= EXERCISE PROMPT =
Return every line in the entries below where the word "Stretch" shows up.

= SUPPLIED INFORMATION =

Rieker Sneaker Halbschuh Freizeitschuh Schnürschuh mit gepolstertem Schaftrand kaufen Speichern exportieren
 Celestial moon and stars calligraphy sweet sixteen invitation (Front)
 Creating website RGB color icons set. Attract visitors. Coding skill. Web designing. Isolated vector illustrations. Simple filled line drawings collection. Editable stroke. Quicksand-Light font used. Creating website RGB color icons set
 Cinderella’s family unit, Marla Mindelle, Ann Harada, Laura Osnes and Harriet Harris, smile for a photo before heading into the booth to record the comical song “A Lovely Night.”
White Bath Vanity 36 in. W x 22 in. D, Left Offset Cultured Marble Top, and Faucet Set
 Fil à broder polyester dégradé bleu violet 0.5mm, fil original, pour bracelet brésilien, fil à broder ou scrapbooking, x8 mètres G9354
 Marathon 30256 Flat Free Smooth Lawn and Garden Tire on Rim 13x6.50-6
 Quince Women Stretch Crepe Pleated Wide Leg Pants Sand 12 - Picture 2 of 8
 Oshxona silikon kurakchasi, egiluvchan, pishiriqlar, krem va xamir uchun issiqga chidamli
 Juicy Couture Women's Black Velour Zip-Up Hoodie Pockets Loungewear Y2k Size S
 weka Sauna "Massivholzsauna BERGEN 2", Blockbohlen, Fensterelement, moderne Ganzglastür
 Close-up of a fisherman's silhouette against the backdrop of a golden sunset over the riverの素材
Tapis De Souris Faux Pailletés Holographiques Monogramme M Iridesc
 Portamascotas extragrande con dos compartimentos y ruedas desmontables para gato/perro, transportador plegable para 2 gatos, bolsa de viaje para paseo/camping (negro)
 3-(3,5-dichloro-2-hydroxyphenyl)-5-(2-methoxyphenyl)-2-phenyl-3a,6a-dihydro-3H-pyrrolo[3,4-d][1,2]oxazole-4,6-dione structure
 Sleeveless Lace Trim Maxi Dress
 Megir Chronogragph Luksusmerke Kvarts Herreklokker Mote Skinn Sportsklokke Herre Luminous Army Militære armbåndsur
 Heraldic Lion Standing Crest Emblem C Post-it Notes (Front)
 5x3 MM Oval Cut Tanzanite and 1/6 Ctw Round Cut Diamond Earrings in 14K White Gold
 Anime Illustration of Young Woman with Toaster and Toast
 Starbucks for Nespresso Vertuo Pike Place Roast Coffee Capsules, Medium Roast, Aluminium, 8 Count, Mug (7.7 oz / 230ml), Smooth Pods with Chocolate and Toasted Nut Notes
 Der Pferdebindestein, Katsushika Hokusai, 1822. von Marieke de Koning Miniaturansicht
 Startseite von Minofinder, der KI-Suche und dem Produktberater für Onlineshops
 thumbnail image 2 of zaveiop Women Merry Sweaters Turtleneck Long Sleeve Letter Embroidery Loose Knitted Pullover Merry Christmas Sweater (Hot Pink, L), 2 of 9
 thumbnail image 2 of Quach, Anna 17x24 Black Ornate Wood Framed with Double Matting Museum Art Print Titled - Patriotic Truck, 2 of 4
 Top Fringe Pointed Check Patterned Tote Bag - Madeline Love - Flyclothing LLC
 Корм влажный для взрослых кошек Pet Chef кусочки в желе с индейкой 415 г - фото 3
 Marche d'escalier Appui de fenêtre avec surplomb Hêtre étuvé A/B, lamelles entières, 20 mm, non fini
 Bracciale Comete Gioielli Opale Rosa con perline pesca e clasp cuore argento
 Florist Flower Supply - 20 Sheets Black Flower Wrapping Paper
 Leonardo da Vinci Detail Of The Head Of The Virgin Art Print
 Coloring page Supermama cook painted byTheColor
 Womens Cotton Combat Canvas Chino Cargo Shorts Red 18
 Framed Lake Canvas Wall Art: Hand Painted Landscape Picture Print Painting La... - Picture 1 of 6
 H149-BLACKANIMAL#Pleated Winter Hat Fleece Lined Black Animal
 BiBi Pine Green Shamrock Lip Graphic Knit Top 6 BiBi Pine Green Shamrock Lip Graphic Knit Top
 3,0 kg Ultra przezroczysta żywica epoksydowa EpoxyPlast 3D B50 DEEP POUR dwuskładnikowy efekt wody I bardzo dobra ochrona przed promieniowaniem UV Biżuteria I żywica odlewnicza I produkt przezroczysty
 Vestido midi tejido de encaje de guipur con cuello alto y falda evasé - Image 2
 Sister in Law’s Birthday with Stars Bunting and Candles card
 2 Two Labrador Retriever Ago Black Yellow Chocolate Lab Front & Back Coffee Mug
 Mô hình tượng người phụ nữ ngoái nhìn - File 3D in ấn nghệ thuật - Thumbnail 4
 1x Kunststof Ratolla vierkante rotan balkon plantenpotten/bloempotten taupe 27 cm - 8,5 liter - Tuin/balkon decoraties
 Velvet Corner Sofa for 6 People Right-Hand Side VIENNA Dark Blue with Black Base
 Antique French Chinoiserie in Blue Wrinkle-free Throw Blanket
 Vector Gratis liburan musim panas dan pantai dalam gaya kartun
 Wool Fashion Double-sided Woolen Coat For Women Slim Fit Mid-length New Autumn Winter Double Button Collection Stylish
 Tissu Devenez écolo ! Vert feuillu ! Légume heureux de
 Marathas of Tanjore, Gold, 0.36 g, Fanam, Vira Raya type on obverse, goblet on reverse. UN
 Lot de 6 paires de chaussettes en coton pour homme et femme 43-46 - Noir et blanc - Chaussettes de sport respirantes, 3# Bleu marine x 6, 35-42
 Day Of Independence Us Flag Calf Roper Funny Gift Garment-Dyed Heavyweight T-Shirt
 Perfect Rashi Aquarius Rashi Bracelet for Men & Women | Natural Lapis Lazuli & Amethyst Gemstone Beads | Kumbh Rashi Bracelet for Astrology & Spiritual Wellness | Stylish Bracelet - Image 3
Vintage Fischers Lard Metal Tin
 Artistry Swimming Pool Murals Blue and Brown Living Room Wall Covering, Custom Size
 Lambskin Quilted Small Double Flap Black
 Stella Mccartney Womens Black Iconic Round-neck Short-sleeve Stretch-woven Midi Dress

= SOLUTION TO THE EXERCISE =
 Quince Women Stretch Crepe Pleated Wide Leg Pants Sand 12 - Picture 2 of 8
 Stella Mccartney Womens Black Iconic Round-neck Short-sleeve Stretch-woven Midi Dress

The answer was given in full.